In 1996, ARAS published a second volume of An Encyclopedia of Archetypal Symbolism on the theme of “The Body.” Its one hundred essays—one chapter per “body part”—were written by George R. Elder. More recently, Dr. Elder, a Jungian analyst, has written a volume on the history of Hinduism from a psychological perspective. It is entitled, The Snake and the Rope: A Jungian View of Hinduism. Here is an excerpt (slightly altered for this purpose) from chapter eleven where the many sides—and many images—of the Hindu God Shiva are explored.
Among all the extraordinary images of Shiva, the most famous is that of Nataraja, “King of Dancers.”

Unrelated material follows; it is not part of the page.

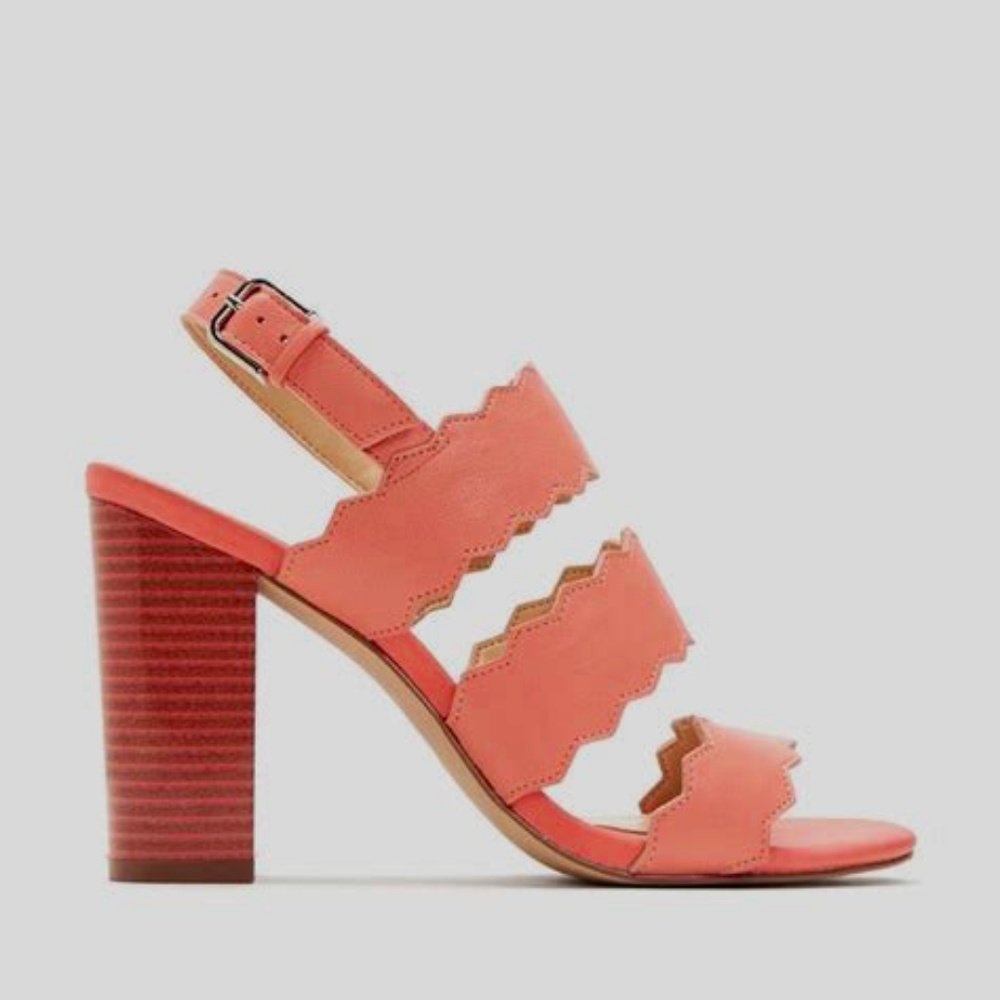 Katy Perry "The Amelia" Multi-Strap Sandals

We see here an example from the Chola dynasty of South India (900-1300 CE) which patronized Shaivite religion and was responsible not only for great new temples with their stone sculptures but also for portable metal images like this bronze. It would have been carried in procession for darshan or “seeing” of the Sacred. It is also likely that a bit of tiger skin draped the image (deities are often ritually clothed for worship) while the God does wear a metallic snake around his shoulders. He stands on the yaksha dwarf Apasmara, the demi-god of “Forgetfulness,” whom we met at Gudimullam. Together, these elements allude to a myth of the God’s vanquishing the “three miseries” of maya (“illusion,” a tiger), karma (“transmigration,” the snake), and avidya (“ignorance,” symbolized by the dwarf). It was then that the Lord danced a dance of victory.

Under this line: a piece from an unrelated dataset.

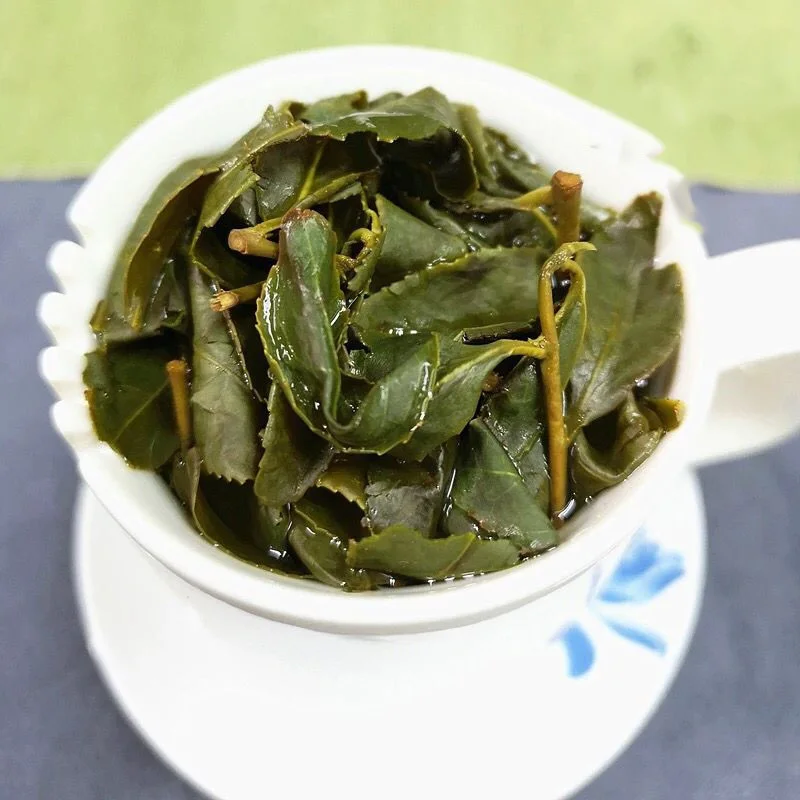 Тайвань Alishan чай с высокой горловиной oolong AAAA органический зеленый для похудения и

But we already watched him dance untamed lust in the Pine Forest; and in courtship he danced before Parvati on the mountain. At the junctures of the great cycles of existence, he is known to dance Destruction and Creation. In fact, the Lord himself declares in the Kurma Purana: “I, the Yogin, dance on forever” (2.4.33). Shiva, therefore, is not only archetypal Pillar, Phallus, and Androgyne—he is also the archetypal Dancer.